** AVAILABLE DATA follows **

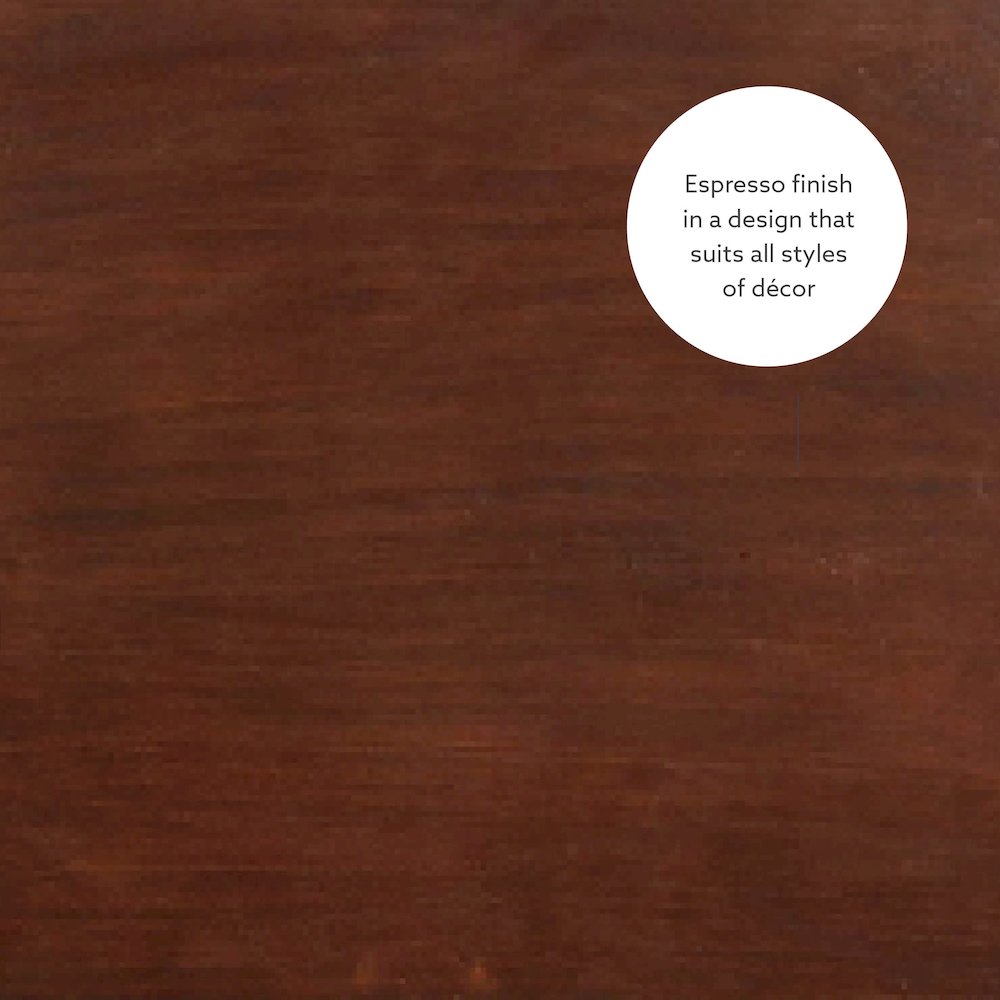 James Tray Table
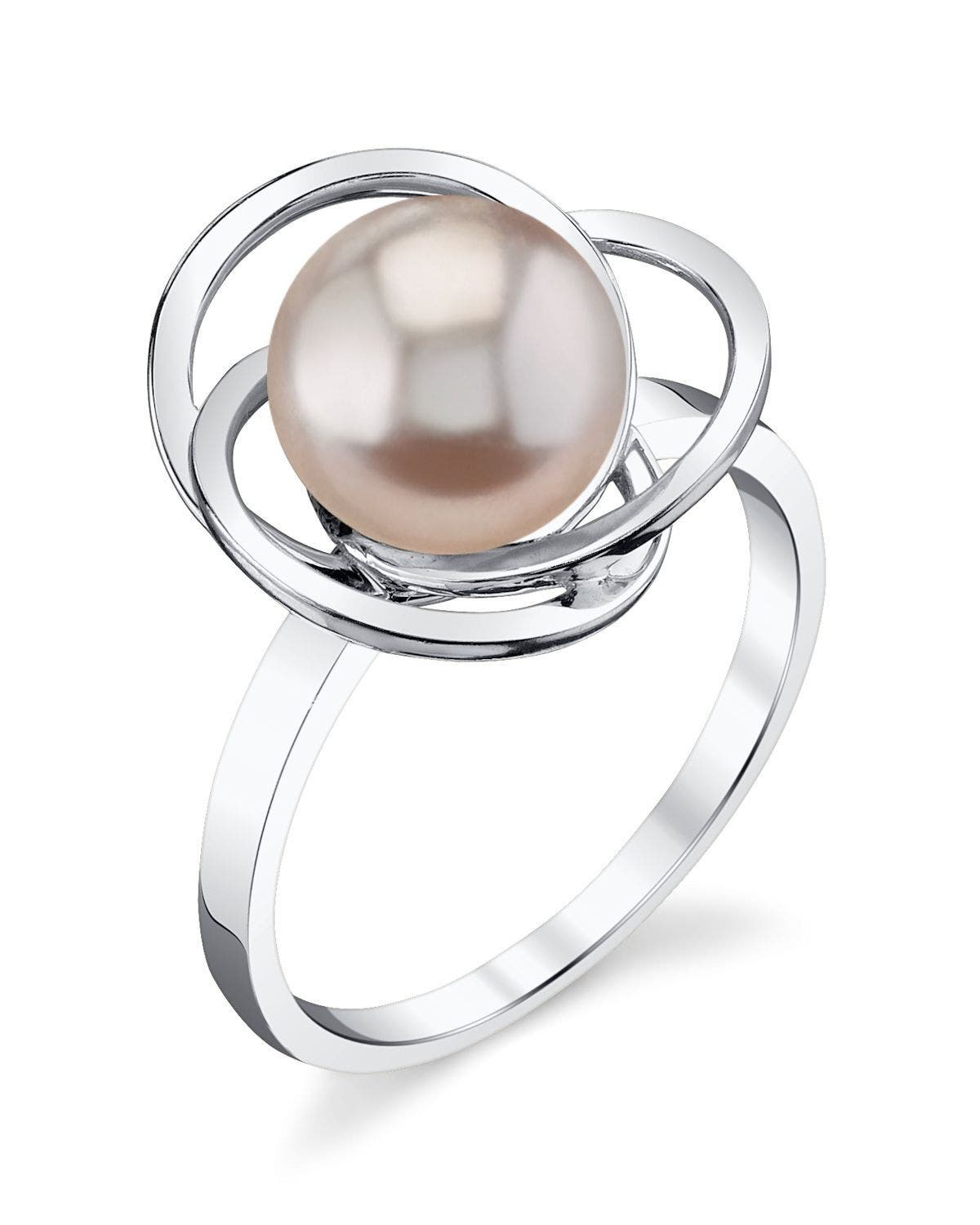selected White Gold
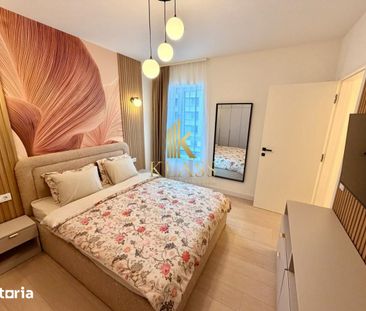 Apartament 2 camere | Akcent City | Jiului | Parcare | Prima inchirier - Fotografie 6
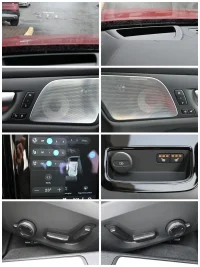 Volvo S60 AWD B&W LUXURY+ ULTIMATE DARK XENIUM INTELLI 2 335kW thumbnail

** End of AVAILABLE DATA **

▶ [TASK GOAL] Keep every word of the material exactly as given. Drop the pictures.

▶ [TASK RESPONSE]
 James Tray Table
selected White Gold
 Apartament 2 camere | Akcent City | Jiului | Parcare | Prima inchirier - Fotografie 6
 Volvo S60 AWD B&W LUXURY+ ULTIMATE DARK XENIUM INTELLI 2 335kW thumbnail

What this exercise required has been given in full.